◆ TASK DIRECTIONS
Among the entries below, the lines from the one with "image:imageFlash Furniture Alber" up to and including the one with "Sơn chịu nhiệt" are to be restated exactly, without pictures.

◆ DATA FOR THIS EXERCISE
________________

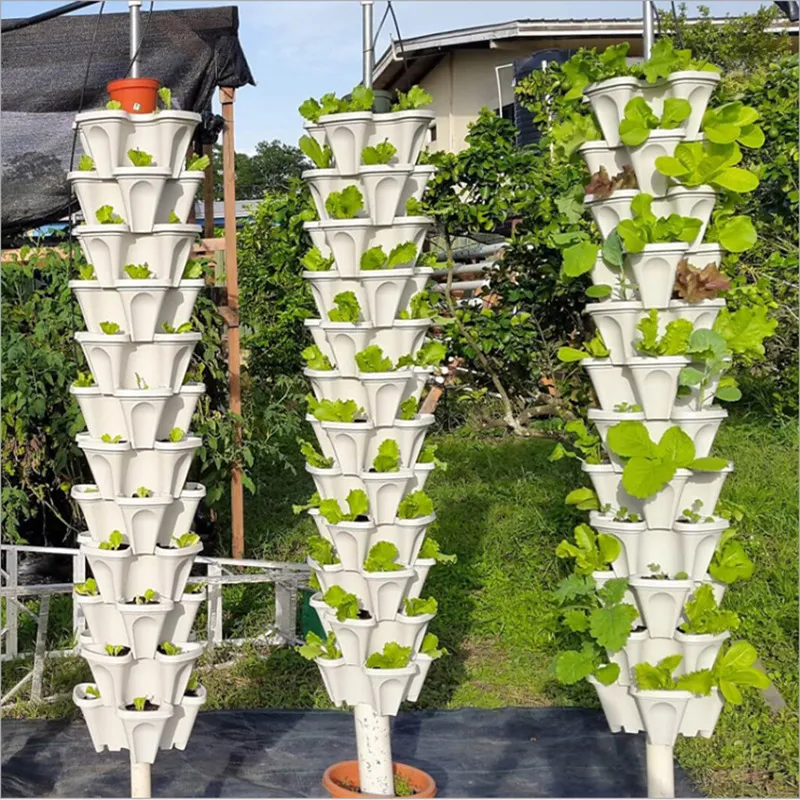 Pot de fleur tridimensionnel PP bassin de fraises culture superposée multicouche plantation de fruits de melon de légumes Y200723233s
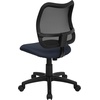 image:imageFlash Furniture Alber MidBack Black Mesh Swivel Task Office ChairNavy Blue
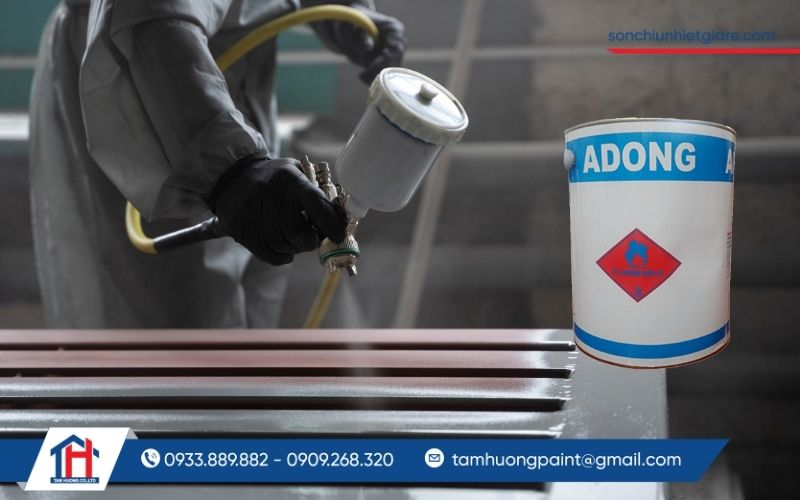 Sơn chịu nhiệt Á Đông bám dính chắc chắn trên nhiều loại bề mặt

________________

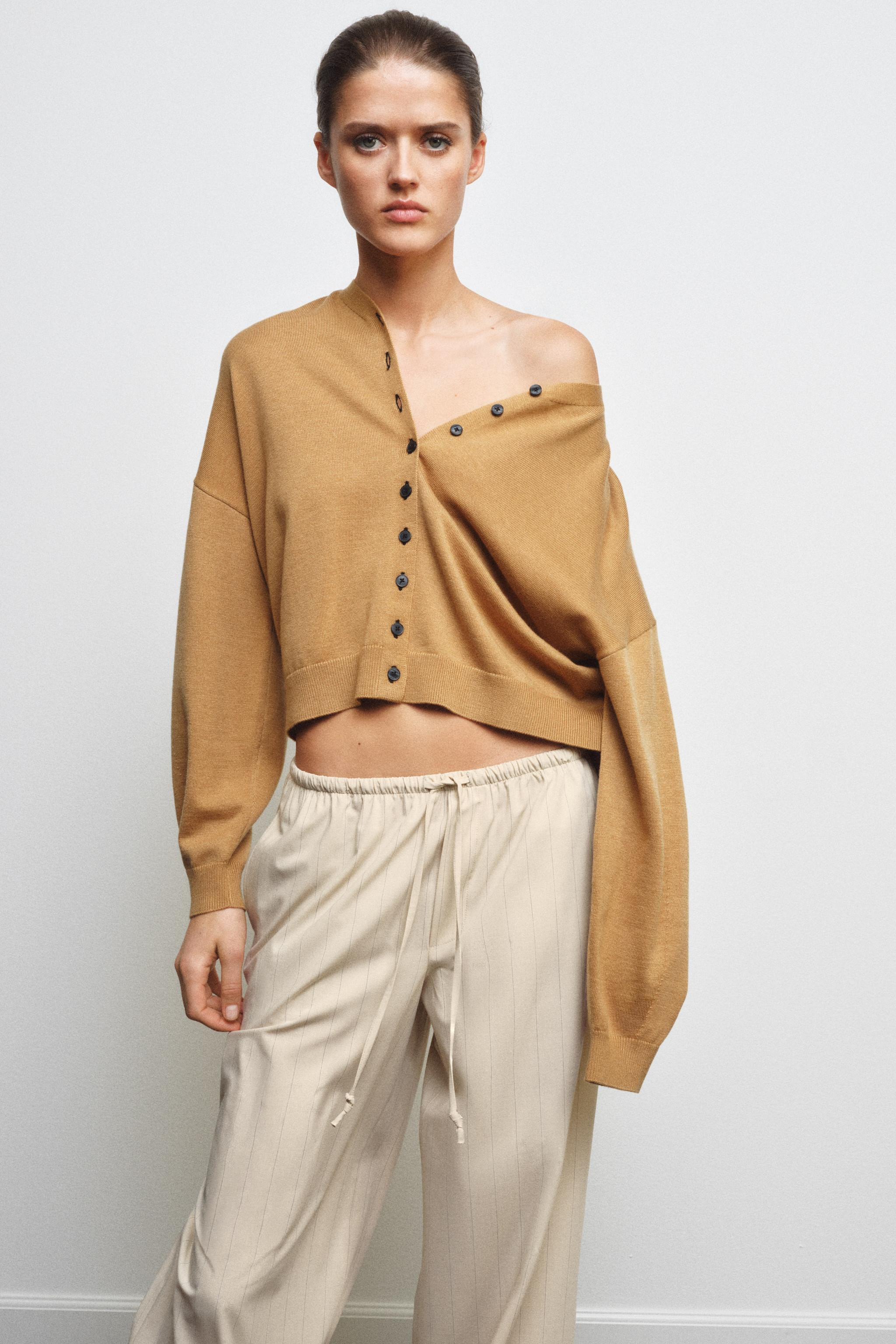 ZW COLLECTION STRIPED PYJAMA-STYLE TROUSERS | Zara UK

________________

◆ RESPONSE TO THE EXERCISE
 image:imageFlash Furniture Alber MidBack Black Mesh Swivel Task Office ChairNavy Blue
 Sơn chịu nhiệt Á Đông bám dính chắc chắn trên nhiều loại bề mặt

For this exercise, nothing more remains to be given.